I'll continue in "Theory development" under "Reexamination of the Real-Line"

https://www.physicsforums.com/showthread.php?t=30013

Yours,

Shamesh

 

[Gokul43201]

matt,

you have more patience than Windows has bugs.

No, maybe not...but you come close.

 

[Shemesh]

An explanation of Vacuous Truth can be found here: http://en.wikipedia.org/wiki/Vacuously_true#Vacuous_truths_in_mathematics

If you look at http://www.geocities.com/complementarytheory/Real-Line.pdf , you can see that by this model any member (or element) of R set can be simultaneously in both states:

1) As some unique number of the real line (a unique member of R set)

2) As a global scale factor on the entire real-line, which its product is the entire real-line included in itself according to this global scale.
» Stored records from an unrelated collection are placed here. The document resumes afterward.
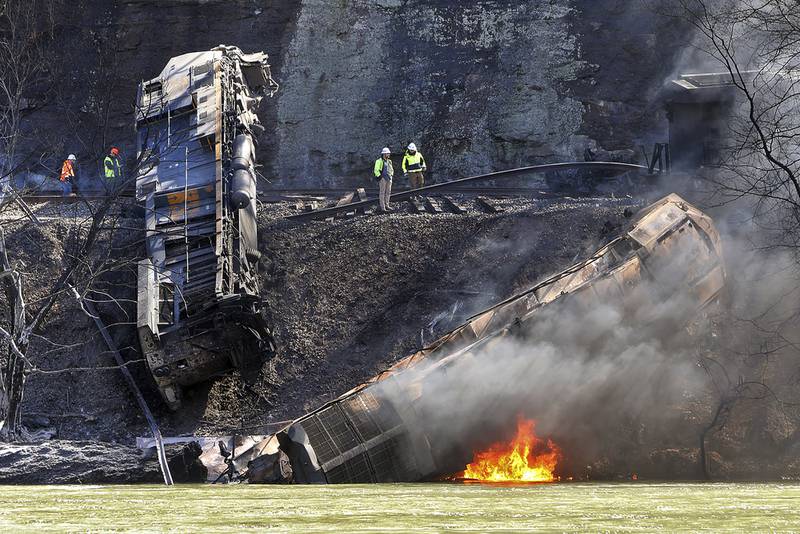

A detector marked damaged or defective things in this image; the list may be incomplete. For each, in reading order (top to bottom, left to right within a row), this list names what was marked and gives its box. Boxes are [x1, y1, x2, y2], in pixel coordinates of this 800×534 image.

charred railcar [135, 46, 278, 410]
dark rusty metal structure [135, 48, 278, 410]
rusted railcar [135, 48, 278, 412]
dark rusty metal structure [244, 194, 724, 486]
charred railcar [248, 196, 724, 486]
rusted railcar [247, 196, 728, 486]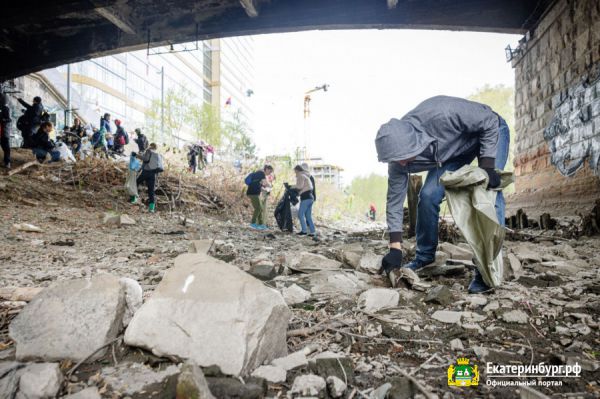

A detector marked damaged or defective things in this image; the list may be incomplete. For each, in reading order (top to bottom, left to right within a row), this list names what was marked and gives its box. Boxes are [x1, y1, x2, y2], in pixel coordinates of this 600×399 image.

broken concrete slab [286, 252, 342, 274]
broken concrete slab [9, 276, 126, 362]
broken concrete slab [123, 255, 292, 376]
broken concrete slab [280, 284, 310, 306]
broken concrete slab [358, 290, 400, 312]
broken concrete slab [18, 364, 62, 399]
broken concrete slab [101, 364, 179, 398]
broken concrete slab [176, 362, 216, 399]
broken concrete slab [248, 366, 286, 384]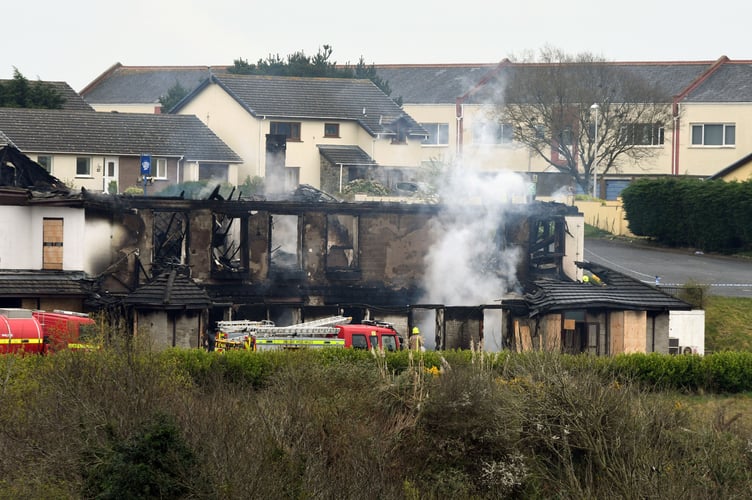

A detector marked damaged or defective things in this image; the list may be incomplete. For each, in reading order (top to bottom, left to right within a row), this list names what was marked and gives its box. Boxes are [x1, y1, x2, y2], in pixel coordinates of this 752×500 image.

burnt window opening [152, 210, 187, 276]
burnt window opening [213, 214, 248, 278]
burnt window opening [268, 212, 302, 272]
burnt window opening [326, 214, 358, 272]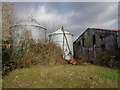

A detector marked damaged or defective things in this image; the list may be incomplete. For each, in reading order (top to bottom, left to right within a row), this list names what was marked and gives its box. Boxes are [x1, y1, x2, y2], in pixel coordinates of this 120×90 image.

rusty metal structure [73, 27, 119, 62]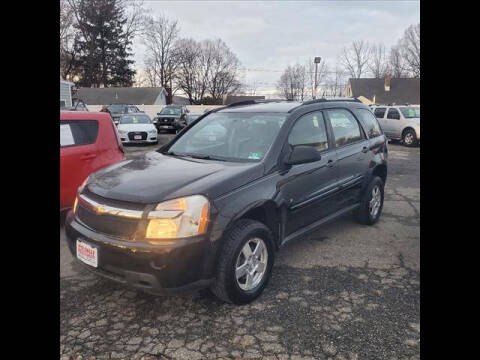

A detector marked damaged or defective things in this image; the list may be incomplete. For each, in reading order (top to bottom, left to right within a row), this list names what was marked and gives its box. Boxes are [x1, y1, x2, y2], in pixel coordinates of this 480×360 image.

There is no process here but a simultaneous existence of R set on infinitely many unique scale levels of itself.

Because of this self-similarity over scales, we can understand why some segment of the real line can have the magnitude of the entire real-line.

Please understand that we are not talking about some shape of a fractal, but on the infinitely many levels of non-empty elements, which are included in R set.

It is important to stress that there is one and only one magnitude to the real line, which is not affected by its fractal nature.


Any comments?

 

[matt grime]

if we take just positive real numbers, the same is true of the right half of the parabola y=x*x, as it is of the tan curve in its principal region. neither is a fractal. or have you just redefind fractal to suit your purposes?

 

[Shemesh]

You do not understand my argument.

I am not talking about the proprty of some function but on the way of how the magnitude of its elements can be the same in any sub-collection of it.

The fractal nature of the magnitude of R collection do not care about the "character" of any function that has the magnitude of R collection.

For example, take any segment of your non-fractal parabola, and the magnitude remains the same.

By using the word "fractal" I mean self-similarity of the magnitude that can be found in any sub-collection of your function.

 

[matt grime]

so fractals have nothing to do with it at all? why am i not even moderately surprised?

 

[Shemesh]

Matt, self-similarity of some property (and in this case the magnitude of R collection) which can be found in any arbitrary sub-part of the examined system (and in this case the system is the real-line) is nothing but a fractal, got it?

 

[matt grime]

so something is a fractal in your new sense if there is a bijection to some proper subset of it? that would be dedekind infinite then, wouldn't it?

 

[Shemesh]

bijection to some proper subset of it is the clearest sign that we have here a fractal.

I think Cantor also used this property.

 

[matt grime]

no, it is just dedekind infinite. it doesn't seem reasonable to say it is therefore a fractal, unless you want to redefine the word fractal to mean dedekind infinite, which is what you're are saying

 

[Shemesh]

Dedekind used this property, but he did not know that it is actually the property of a fractal.

Cantor defined the Cantor set, but he did not know that it is a fractal.

Chaos theory was developed after their time.


(Also please pay attantion that our standard place value representation method is also a fractal and also surreal numbers)

 

[matt grime]

"it is actually the property of a fractal" oh, that makes it all so much clearer...

 

[Shemesh]

When a collection of elements refers to itself, you can get a fractal.

 

[hello3719]

Shemesh, where is that all going? So what if the real line can be represented in different scales.It doesn't mean that you will find "new" properties. If a property of fractals appears with some representations doesn't mean that the real line will have all of the properties of fractals.

 

[master_coda]

This isn't going anywhere. This is just an attempt to change to meaning of the word fractal to something general and vague for no reason.

If someone was interested in trying to describe a new or interesting idea, they would use the existing terms with their existing definitions instead wasting all their time redefining things so that nobody can understand what they're talking about.